* **WORK ITEM**: Each line of the data should be given again exactly.

· · · ·

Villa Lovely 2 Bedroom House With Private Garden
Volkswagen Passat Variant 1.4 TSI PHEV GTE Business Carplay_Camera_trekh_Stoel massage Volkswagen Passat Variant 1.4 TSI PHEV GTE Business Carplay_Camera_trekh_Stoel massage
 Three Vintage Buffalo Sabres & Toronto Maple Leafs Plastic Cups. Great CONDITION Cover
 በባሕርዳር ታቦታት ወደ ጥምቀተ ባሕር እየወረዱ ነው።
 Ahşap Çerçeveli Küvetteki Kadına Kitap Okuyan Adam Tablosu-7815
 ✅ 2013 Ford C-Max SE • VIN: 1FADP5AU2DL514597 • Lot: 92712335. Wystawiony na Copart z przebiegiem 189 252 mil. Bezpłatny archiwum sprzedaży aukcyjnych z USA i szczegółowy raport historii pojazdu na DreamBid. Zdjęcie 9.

· · · ·

* **OUTPUT BELOW**:
Villa Lovely 2 Bedroom House With Private Garden
Volkswagen Passat Variant 1.4 TSI PHEV GTE Business Carplay_Camera_trekh_Stoel massage Volkswagen Passat Variant 1.4 TSI PHEV GTE Business Carplay_Camera_trekh_Stoel massage
 Three Vintage Buffalo Sabres & Toronto Maple Leafs Plastic Cups. Great CONDITION Cover
 በባሕርዳር ታቦታት ወደ ጥምቀተ ባሕር እየወረዱ ነው።
 Ahşap Çerçeveli Küvetteki Kadına Kitap Okuyan Adam Tablosu-7815
 ✅ 2013 Ford C-Max SE • VIN: 1FADP5AU2DL514597 • Lot: 92712335. Wystawiony na Copart z przebiegiem 189 252 mil. Bezpłatny archiwum sprzedaży aukcyjnych z USA i szczegółowy raport historii pojazdu na DreamBid. Zdjęcie 9.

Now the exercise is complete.